In aggiunta a queste argomentazioni la sindaca di Silea, Rossella Cendron, fa notare anche l’impatto di eventuali nuovi insediamenti logistici: “La Treviso mare non è una strada utilizzata solo dai villeggianti in estate”, sottolinea, “è molto trafficata tutto l’anno, da altre categorie, e si appresta anche a diventare un’arteria strategica sul fronte della logistica”.

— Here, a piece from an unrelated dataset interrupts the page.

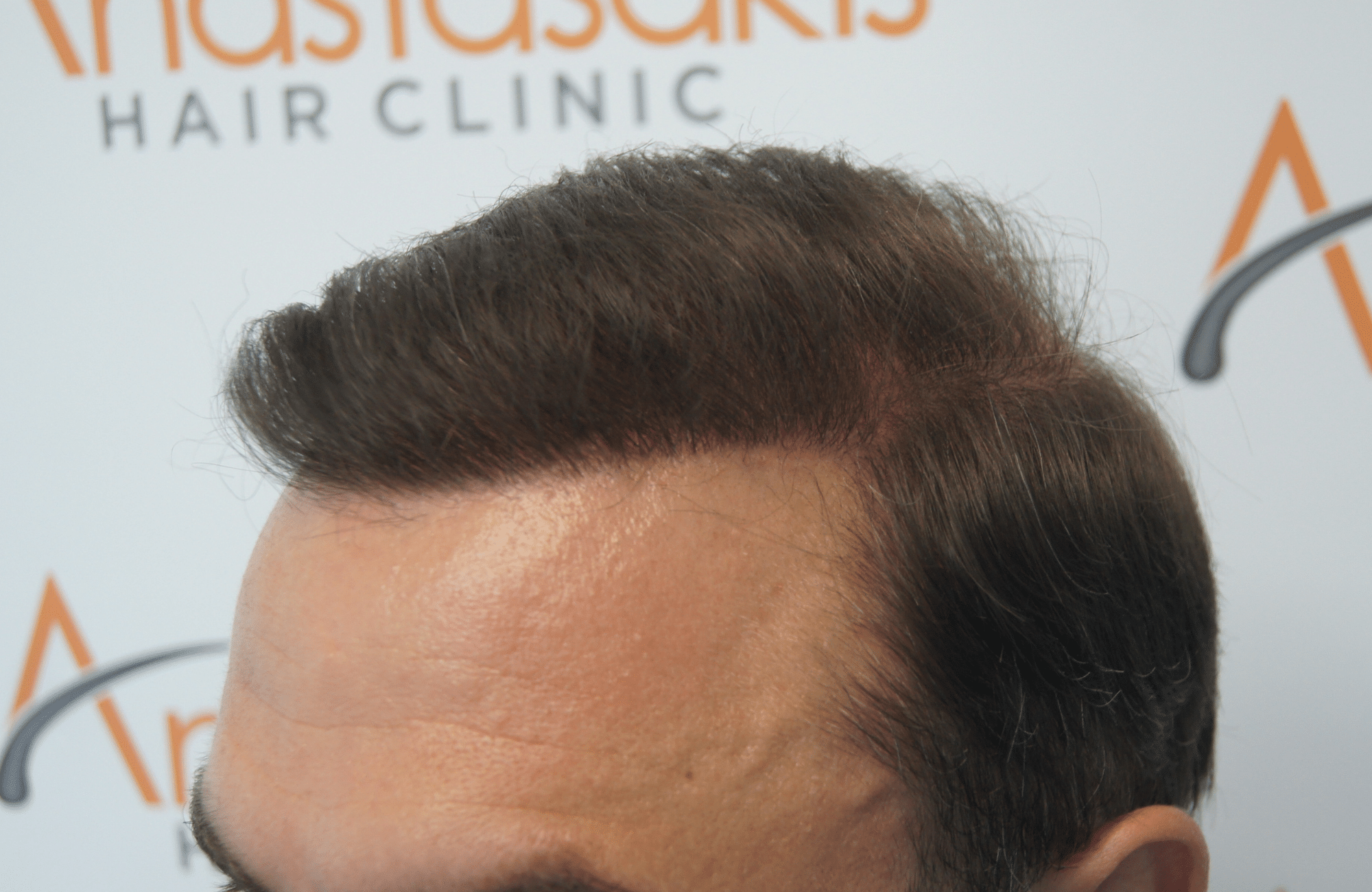 hair transplant patient result with 3000 fus after - side2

“La via del mare in questo contesto, oggi, rischia di essere un disastro. Pende come una spada di Damocle sul nostro futuro, e questo vale molto anche per Silea, comune che è già stato definito da alcune analisi del traffico come zona congestionata e che è già interessato dai flussi verso il casello dell’A27. Verranno tutti a prendere l’autostrada qui, anche perché sarà una porta naturale verso la pedemontana. Oggi serve fare di più, non basta recuperare vecchi progetti: quest’opera rischia di compromettere una situazione già molto difficile. Serve un piano del traffico complessivo, una regia regionale. In accordo con gli altri comuni chiederemo un incontro urgente, perché vogliamo rassicurazioni”.

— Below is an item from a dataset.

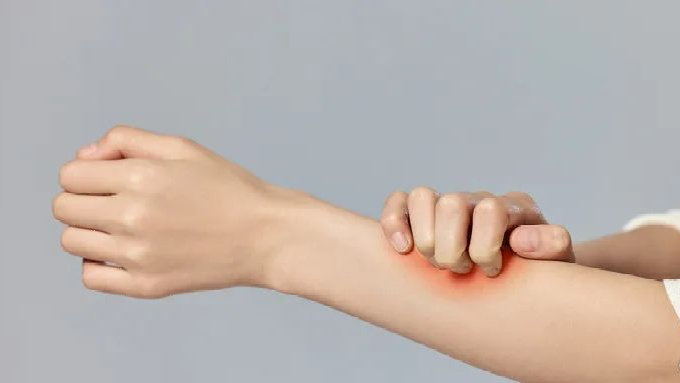 带状疱疹后期痒正常吗 带状疱疹基本好了又出小疹 带状疱疹二次复发前兆 阿昔洛韦乳膏怎么用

Incolonnamento verso il mare. Foto di Dino Tommasella 

Critico sugli stessi fronti anche il sindaco di San Biagio di Callalta, Alberto Cappelletto: “Che la via del Mare sia necessaria è un dato da tempo assodato. Quello su cui noi amministratori intendiamo discutere, facendoci portavoce del pensiero della stragrande maggioranza dei cittadini, è perché un’opera di privati il cui tracciato insiste su una strada già realizzata e pagata con le imposte pubbliche debba essere finanziata facendo pagare il pedaggio. La Regione, e in primis il presidente Zaia, devono farsi carico di trovare una soluzione che sia coerente con il “prima i veneti”, che non vuol dire, penso, che noi veniamo prima soltanto quando c’è da pagare, in questo caso addirittura due volte. L’opera va fatta, ma deve essere mitigata con le opportune opere che non compromettano la vivibilità dei territori interessati dal passaggio”.

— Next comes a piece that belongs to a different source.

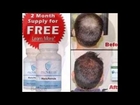Provillus Hair Treatment - Hair Regrowth Products for Men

La ripresa del progetto è invece una buona notizia per il presidente della provincia Stefano Marcon: “Viabilità sicura, il facile accesso dei turisti al litorale e l’investimento in opere pubbliche non possono che renderci felici” commenta “Ecco perché plaudo al progetto, un’opera attesa da anni”. Marcon si dice anche fiducioso sull’esenzione dei residenti dal pagamento del pedaggio, finora però pare interessare solo quelli della provincia di Venezia. Anche questa, dunque, è una partita ancora tutta da scrivere.